The task:
Reproduce the data below exactly as written. Pictures do not belong in the copy.

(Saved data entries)
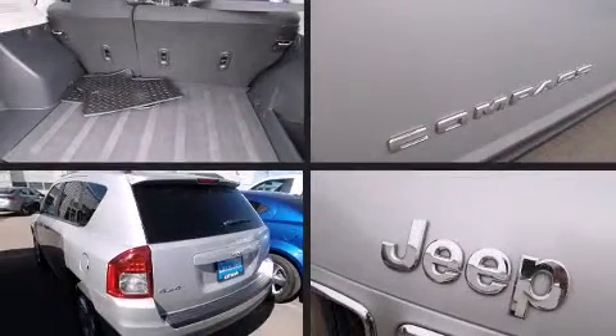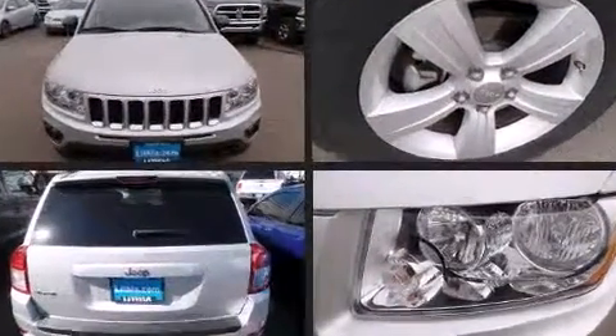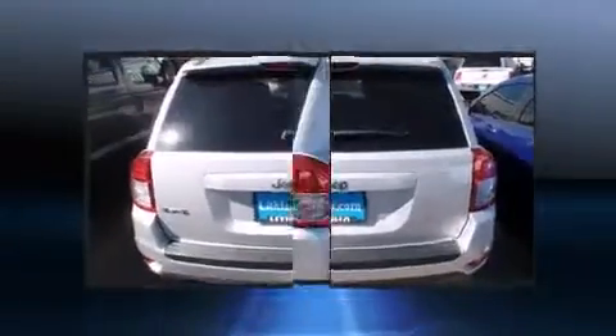Discerning drivers will appreciate the 2011 Jeep Compass. With fewer than 35,000 miles on the odometer, this four-door sport utility vehicle prioritizes comfort, safety, and convenience.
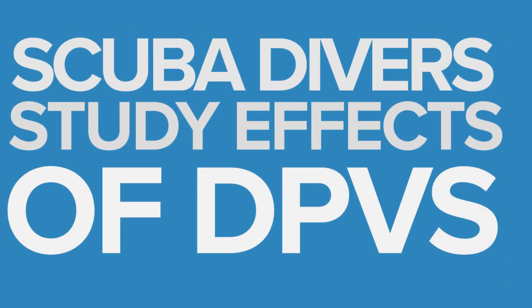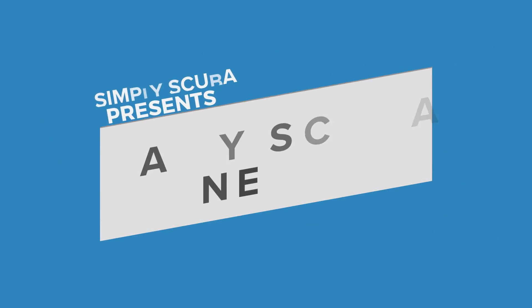DPVs are a popular choice for scuba divers. The fact that you can get to certain areas in the water quicker and without using too much energy is just a massive win for us all.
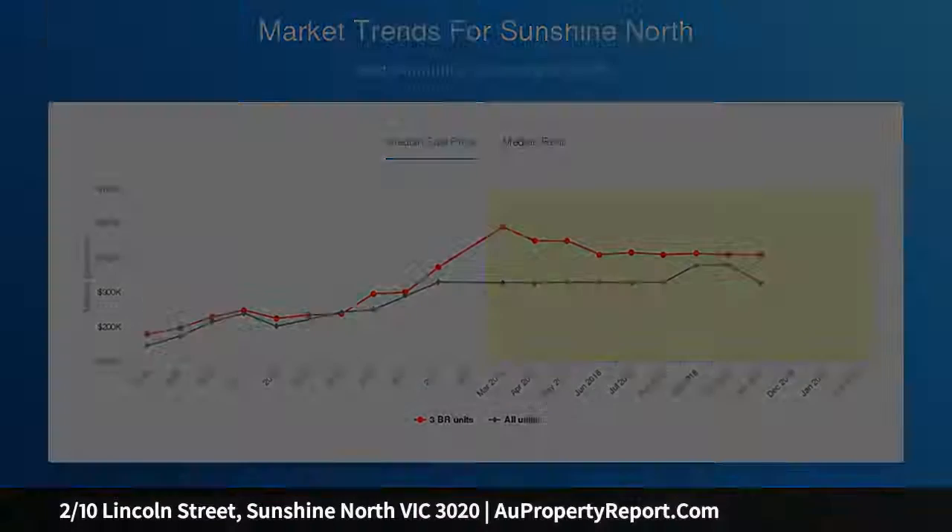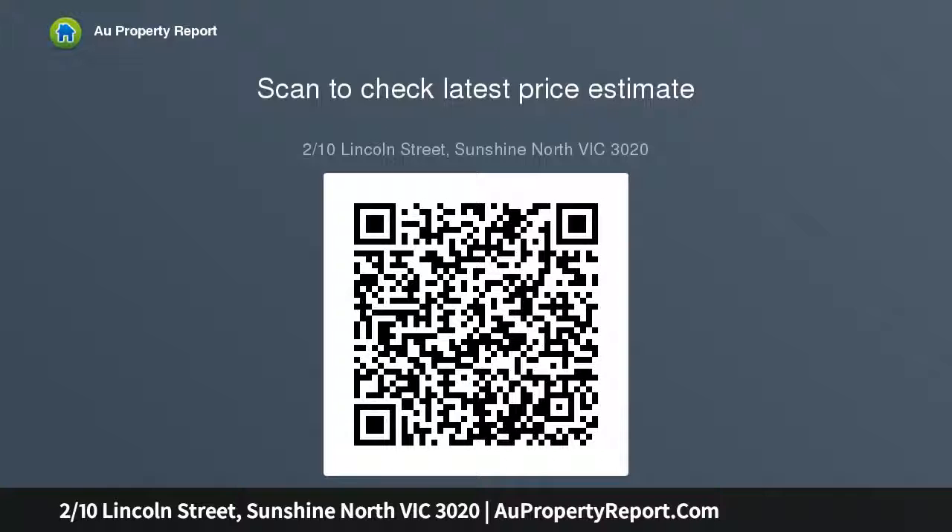Situated within walking distance to Greybrook College, Victoria University, Quangmin Temple, and the local Northumberland Road Shopping Strip.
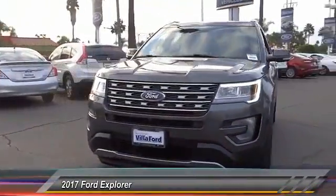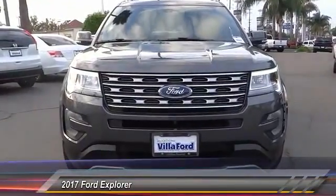Searching for a dependable vehicle that looks great too? You've found it, so stop in today.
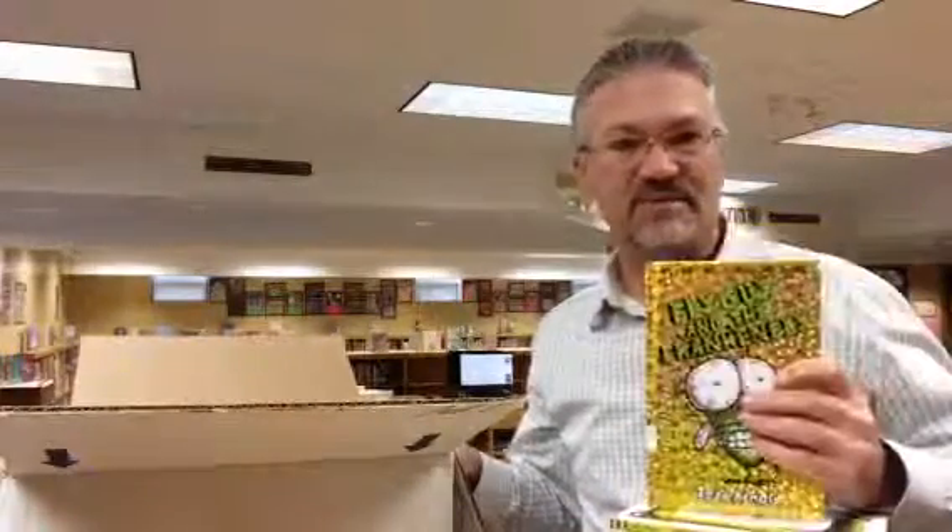Lots of new books in the library. Hopefully you guys get a chance to take a look at some of these, check them out, and we'll see you again soon when the next new book order comes in.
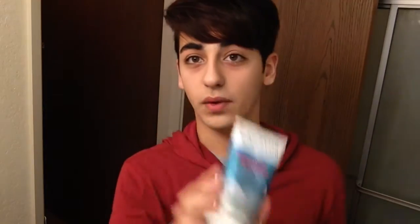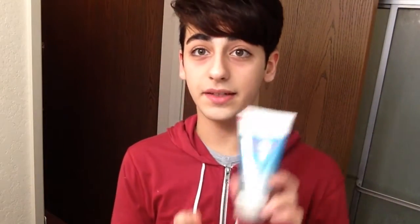Moving on to my face — for people who have acne and marks, I recommend the Clarizel Acne Plus Marks Wash and Mask. It works as both a face wash and a mask. As a mask, you put it on your face, leave it for one minute, and rinse it off three times a week. As a face wash, just apply and rinse. I had a lot of acne and pimples and it actually got rid of them. I still use it three days a week.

Answer to the exercise:
Discerning drivers will appreciate the 2011 Jeep Compass. With fewer than 35,000 miles on the odometer, this four-door sport utility vehicle prioritizes comfort, safety, and convenience.
DPVs are a popular choice for scuba divers. The fact that you can get to certain areas in the water quicker and without using too much energy is just a massive win for us all.
Situated within walking distance to Greybrook College, Victoria University, Quangmin Temple, and the local Northumberland Road Shopping Strip.
Searching for a dependable vehicle that looks great too? You've found it, so stop in today.
Lots of new books in the library. Hopefully you guys get a chance to take a look at some of these, check them out, and we'll see you again soon when the next new book order comes in.
Moving on to my face — for people who have acne and marks, I recommend the Clarizel Acne Plus Marks Wash and Mask. It works as both a face wash and a mask. As a mask, you put it on your face, leave it for one minute, and rinse it off three times a week. As a face wash, just apply and rinse. I had a lot of acne and pimples and it actually got rid of them. I still use it three days a week.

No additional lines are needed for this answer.